--- Available data ---

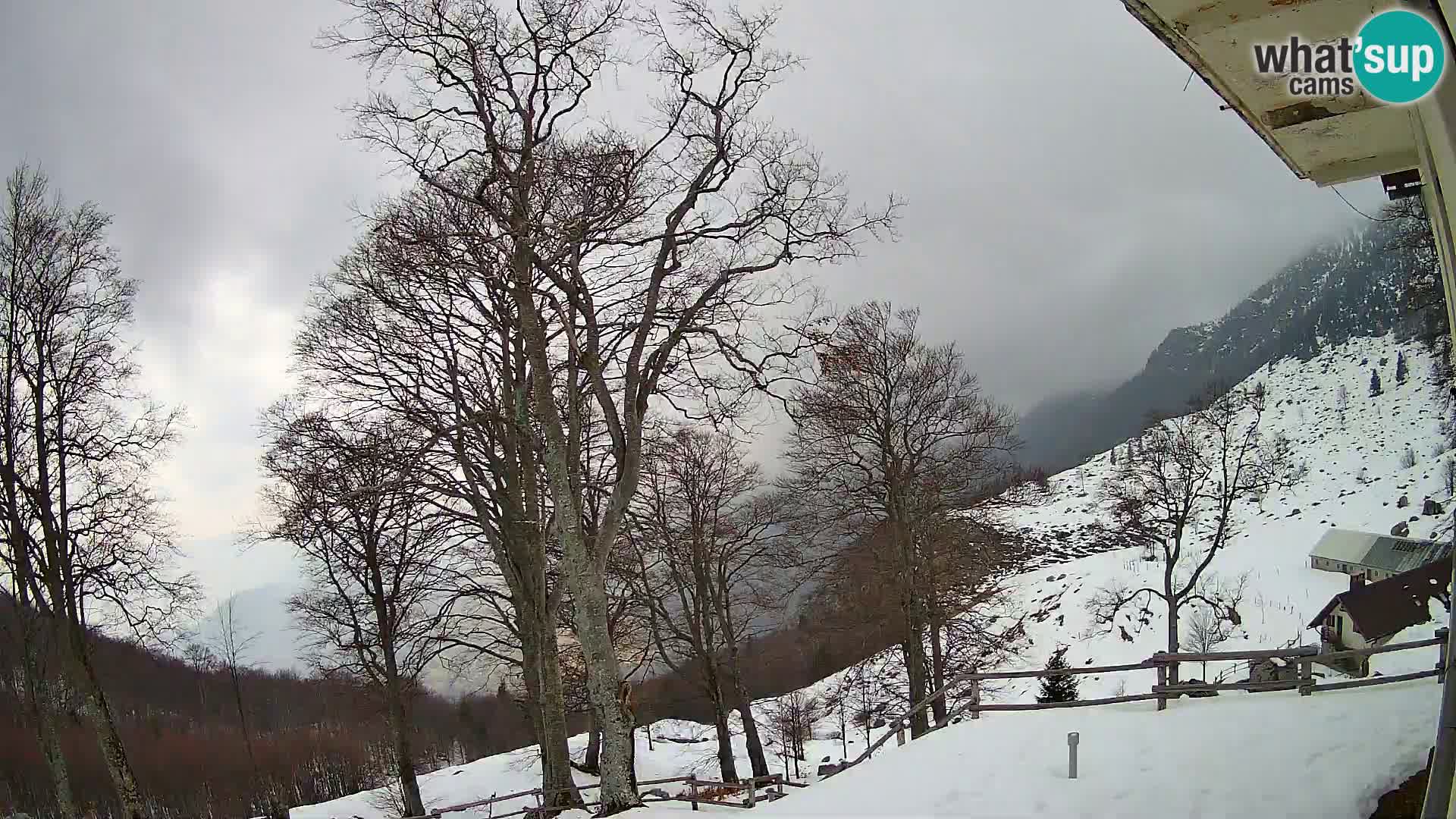 Cámara en vivo de la cabaña de montaña Planina Razor (1315) | vista hacia Tolminski Migovec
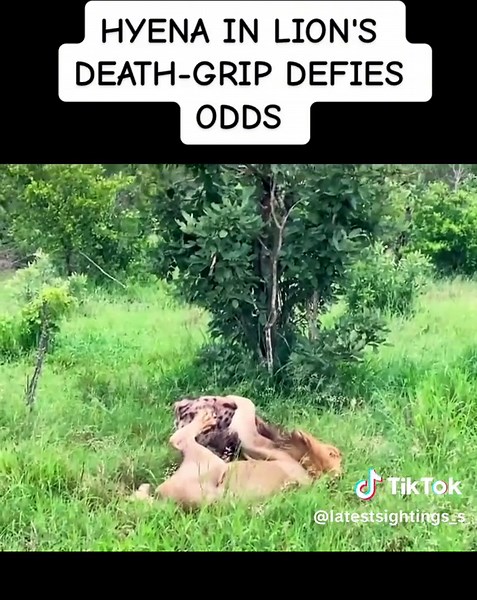 Lion Mating Behavior: Male Lion's Attempts Explained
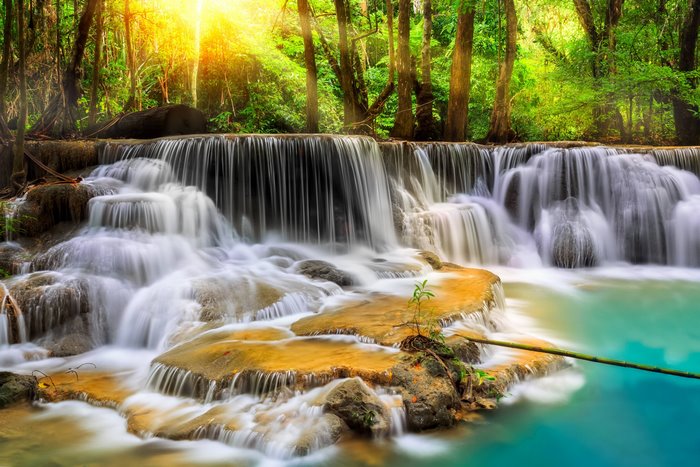 Waterfall cascading through a lush green forest with sunlight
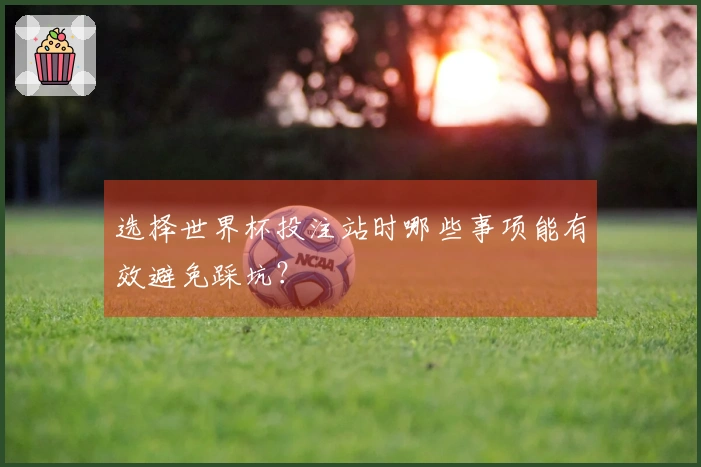 选择世界杯投注站时哪些事项能有效避免踩坑？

---

Description of the task: Everything in the listing should be repeated exactly except the pictures.

Task output:
 Cámara en vivo de la cabaña de montaña Planina Razor (1315) | vista hacia Tolminski Migovec
 Lion Mating Behavior: Male Lion's Attempts Explained
 Waterfall cascading through a lush green forest with sunlight
 选择世界杯投注站时哪些事项能有效避免踩坑？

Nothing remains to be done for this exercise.